Other contractual inclusions might include:

  • recordkeeping functionality and metadata specifications serving to meet (the organisation)’s regulatory and business recordkeeping requirements
  • (the organisation)’s records cannot be used for applications not specified in the contract (for example, to data match with databases owned by other clients of the contractor)
  • personal information is to only be used for the purpose for which it was gathered, in accordance with relevant privacy laws, as amended from time to time
  • (the organisation)’s records are not to be shown to a third party without the written agreement of (the responsible organisation)
  • (the organisation)’s records are not to be disposed of without the written agreement of (the responsible organisation)
  • (service provider) is not permitted to transfer (the organisation)’s records to a third party for any purpose unless authorised to do so by (the organisation)

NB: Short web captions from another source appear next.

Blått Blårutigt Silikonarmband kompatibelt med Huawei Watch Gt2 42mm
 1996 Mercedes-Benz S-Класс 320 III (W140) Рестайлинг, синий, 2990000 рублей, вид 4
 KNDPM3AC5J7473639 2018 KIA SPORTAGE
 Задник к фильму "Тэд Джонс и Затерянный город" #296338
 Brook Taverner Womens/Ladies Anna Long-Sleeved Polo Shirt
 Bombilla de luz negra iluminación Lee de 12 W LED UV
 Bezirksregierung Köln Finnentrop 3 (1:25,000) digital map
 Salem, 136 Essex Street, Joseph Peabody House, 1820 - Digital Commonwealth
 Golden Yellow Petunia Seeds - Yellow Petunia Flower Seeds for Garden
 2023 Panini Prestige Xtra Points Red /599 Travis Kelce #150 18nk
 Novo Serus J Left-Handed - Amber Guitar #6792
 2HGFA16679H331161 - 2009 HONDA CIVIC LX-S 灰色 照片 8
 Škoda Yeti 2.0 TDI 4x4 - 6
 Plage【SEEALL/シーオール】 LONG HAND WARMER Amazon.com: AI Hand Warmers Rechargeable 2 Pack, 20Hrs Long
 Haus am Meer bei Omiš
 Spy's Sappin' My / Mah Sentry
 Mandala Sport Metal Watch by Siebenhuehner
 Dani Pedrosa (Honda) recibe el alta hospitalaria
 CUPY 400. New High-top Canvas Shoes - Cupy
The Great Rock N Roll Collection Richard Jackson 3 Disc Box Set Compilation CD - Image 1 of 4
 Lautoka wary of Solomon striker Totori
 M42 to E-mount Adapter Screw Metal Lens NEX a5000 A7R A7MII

  • at the conclusion of (the organisation)’s use of the services of (service provider) all specified records and associated metadata are to be returned to (the responsible public office) in an accessible format / nominated format/s: (X, Y, Z)
  • at the conclusion of the (the organisation)’s use of the services of (service provider) all specified records and associated metadata are removed permanently from (service provider)’s systems.

A particular issue that organisations should consider with contractual arrangements for cloud computing is the need to make provision for the return of the records to the public office if and when contracts are terminated. It is important that any associated fees or service restrictions are fully documented, to prevent organisations becoming locked in to continuing to use an underperforming service provider.